Banks' victory on liquidity will still cost them dear
LONDON Jan 7 (Reuters) - What first appears as a victory for banks in their battle to dilute draconian rules on liquidity will still mean they have to find trillions of dollars to protect themselves against their funds running out.
Heavy lobbying by banks over the past two years has bought them time but they will still have to lock up big new cash buffers globally from 2015.
The Basel Committee of banking supervisors, representing most of the world's capital markets, surprised banks on Sunday with concessions on a planned new liquidity rule so they can withstand market squeezes.
Banks and some regulators said the original draft, the first of its kind, was too draconian, tying up vast pools of liquidity at a time when credit is needed to aid struggling economies.
Most analysts saw the changes as a reflection of economic reality though one former Fed official said delaying and diluting the rule will increase risks from banks.
"Per usual, it will be the taxpayers picking up the tab when a wrong-way bet by a 'too big to fail' bank turns sour," said Cornelius Hurley, a director at Boston University's centre for finance and former counsel to the Fed.
Basel is giving banks an extra four years to comply with the rule by 2019 and include a wider range of risky assets in the buffer but Bank of England Governor Mervyn King said on Sunday a strong disincentive will be built into the changes.
Banks will have to set aside more capital if they choose to pad out their liquidity buffer with the riskier assets such as bonds backed by home loans, or shares.
The rule was first drafted amid a mood of public anger when taxpayers were forced to shore up banks in response to the financial crisis of 2007-2009.
Economists had also expected growth to rebound by now so banks would find the cash and capital needed to comply with new rules.

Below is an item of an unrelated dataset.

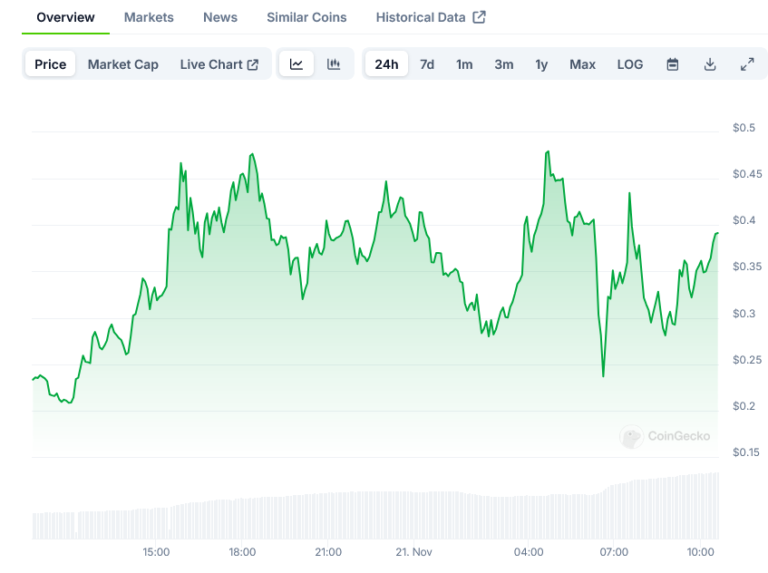 CHILLGUY (CHILLGUY) Token Surges Past $500M Market Cap on Solana Network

But they and the regulators did not expect a massive euro zone debt crisis that also cast doubt on the solidity of government bonds.
"The draft rule was written in the immediate aftermath of a crisis when there can always be a risk of regulatory overshoot," said David Green, a former Bank of England and UK Financial Services Authority official.
"As circumstances surrounding you change, such as the increasingly visible consequences of constraints on private sector growth or risks related to sovereign debt, then you would be wrong not to adjust," Green said.
The liquidity rule is experimental in some ways, seeking to plug a gap that left banks such as Northern Rock in Britain with too little cash as a result of the credit crunch that emerged in 2007, forcing taxpayers to foot the bill.
It is part of the Basel III framework approved by world leaders in 2010 that also forces banks from this month to hold up to three times more basic capital than before the crisis.
Only 11 of the G20 countries met this month's deadline for implementing Basel III, with the United States and European Union failing to get their rules in place.
Negotiations on an EU law to implement Basel III resume on Thursday and some lawmakers want to dilute the liquidity rule further than Basel has done by allowing banks to include any asset central banks accept as collateral.
Sharon Bowles, the UK Liberal Democrat chair of the European Parliament's economic affairs committee, welcomed a wider range of assets in the buffer - up to a point.
"With regard to assets that qualify as central bank eligible assets it would clearly be wrong to frame that so widely that we ended up with 'anything goes' under emergency or special treatment rules," Bowles said.
MARKETS GET THEIR WAY
The G20 and Basel Committee have no powers to enforce regulatory rules beyond public naming and shaming.
G20 regulation has faced setbacks elsewhere too with the starting date for reforms to make derivatives markets safer passing in December with few changes in force.
There is still no cross-border system for winding down an international bank like Lehman Brothers without taxpayer aid, another core G20 aim of several years standing.
But analysts question whether the delays and concessions matter that much as investors become pickier and financial firms move early to exploit tougher derivatives rules.
Banks lobbied hard against the Basel rules that will force them to hold more capital, up to 9.5 percent in the core mandatory buffers for the world's top 28 lenders by 2019.
But market and supervisory pressure has meant that most big banks meet or exceed the Basel levels they must reach by 2019.
"It will be the same for liquidity and banks will want to be able to advertise that they are stronger than the regulators need them to be, which leaves those who can't looking like the weaker brethren," said Graham Bishop, a former banker who advises the EU on regulation.
A European regulatory source welcomed Basel's more holistic approach to the liquidity rule given that banks must comply with many other costly rules as well.
"We really need to assess the global constraints related to all the new requirements before adding any layer on top and until now, that was done segment by segment in a piecemeal manner," the regulatory source said.
There is also a worry among regulators, learning on the hoof with new types of rules, that piling many rules on banks too quickly could push risky activities into the hands of "shadow banks" which have yet to be supervised properly.
"You can see all this as a matter of judgement and testing of a new rule as you go along," Green said.
Rethinking the liquidity rule may not be the last time that regulators will have to make concessions.
A raft of changes to make derivatives safer relies heavily on there being several trillion dollars of extra top quality collateral to back trades, a quantity experts say is simply not readily available.